Twice we were forced off the road by a combination of “Exit Only” lanes that weren’t marked in the construction zones and drivers who would absolutely not let us enter “their” lanes.  At one point I decided to assert the mighty power of a 48-foot rig and almost literally crushed a small econobox that was being obnoxious.  He got the message. But most of the time we played nice and tried to be steady and smooth as much as the twisting and crazy construction zones would let us.

We survived D/FW once again and eventually emerged on the northwest side near Decatur.  We are now parked at Paul Mayeux’s home, where he is running his own 2-man Airstream service center.  Long-time readers will recall that last April I left our Caravel here for repairs and never got back to pick it up. So now we have two Airstreams here at Paul’s, 900 miles from home.

Our primary reason for coming here was to get a new air conditioner installed.  We’re going with a 15K BTU model (high capacity than the 13.5K model it is replacing).  We’re skipping the expensive dual AC/heat pump unit because we hardly ever used the heat pump and we have two other sources of heat anyway (furnace and catalytic heater).  That saves about $450.  Paul and Denver (who used to work on our Airstream when Roger Williams Airstream in nearby Weatherford was in business) will install the AC on Friday.

It always seems that when we get to a service center we find a bunch more things to fix or check.  During our last two days of roadtrip we’ve noticed that the refrigerator has climbed up to 52 degrees during the day.  That’s very bad, because it could indicate a failing cooling unit, which is very expensive.  The fridge has been running on gas during this time, so Paul checked the gas pressure with a manometer first and found that our pressure was below spec.  We adjusted the regulator and left the fridge running in a test mode (basically at top cooling capacity) all night to see if it would cool down.  This morning it is showing 42 degrees, which is better but not yet good enough.

Since it was packed full of food (thermal mass), it may be that a few more hours are needed to reach optimal temp (somewhere in the low 30s).  These gas absorption-type refrigerators are very slow to remove heat relative to your home refrigerator that uses an electric compressor.  That’s why you have to start them the day before you go on a trip.  Today we are expecting highs in the upper 90s, so it’s a good test day.
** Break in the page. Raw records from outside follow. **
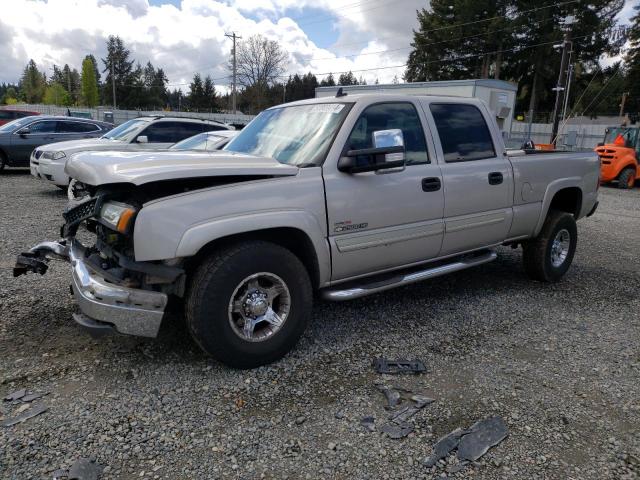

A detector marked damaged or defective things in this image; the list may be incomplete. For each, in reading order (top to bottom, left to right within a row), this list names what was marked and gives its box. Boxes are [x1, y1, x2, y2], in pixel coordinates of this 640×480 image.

crumpled hood [36, 137, 127, 154]
crumpled hood [63, 150, 298, 186]
damaged front end [13, 186, 182, 340]
broken plastic debris [376, 356, 424, 376]
broken plastic debris [0, 404, 47, 426]
broken plastic debris [360, 414, 376, 434]
broken plastic debris [380, 420, 416, 438]
broken plastic debris [456, 416, 510, 462]
broken plastic debris [68, 458, 102, 480]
If the fridge continues to cool, we’re fine, but if not, we’ll have to dig a little deeper to find the root cause.

We’ve also noticed that the bathroom vent fan seems to drip a little in the rain even when closed.  It probably has a crack in the plastic, so we’re anticipating replacing it on Friday as well.  That’s not a major job.

Parked next to us is a Canadian couple in an Argosy who are here for installation of solar panels, Marvin and Annie.  We’ve met before, way back in 2005 when Project Vintage Thunder was first displayed (unpainted and incomplete) at the Florida State Rally in Sarasota.  They remembered us and Vintage Thunder.  So it’s like being in a little campground here at the shop.

The best news we’ve had so far is that nights up here are cooling down nicely.  We’re getting 65 degrees by daybreak, and the humidity is low, so even without AC at the moment it’s very comfortable.  We finally used a blanket on the bed last night.  And added to that, we zipped up to Decatur last night and got our first Texas barbecue dinner of this trip, which is always something that makes us all happy.  I don’t know why, I guess it’s just a tradition now.  Memories of other great trips.

Showering with tree frogs

Wednesday, September 28th, 2011

Life in Florida is very colorful.  The brilliant white sands of the panhandle make a perfect backdrop to emphasize the vibrancy and exotic aura of the subtropical things that live there.  And of course, when camping you are close to the earth, facing nature at almost every step, rather than being insulated from it by man-made structures (hotel rooms, concrete walkways, swimming pools).  On our last day we started to count up the colorful things we had encountered — for good or for ill.

Item #1:  Emma took a break from homeschooling on Monday afternoon to visit the beach one last time.  The waves were still moderate, but at little higher than on the previous calm days.  The red-fringed jellies we had noted earlier seemed to be absent, but while splashing around she got stung by jellyfish tentacles and in that moment discovered just how much that can hurt.

We never saw the jellyfish that did the deed, and fortunately Emma got only a glancing swipe that left three 2-3″ marks on her leg — enough to get her attention (she likened it to a bee sting), but not enough to do any serious damage.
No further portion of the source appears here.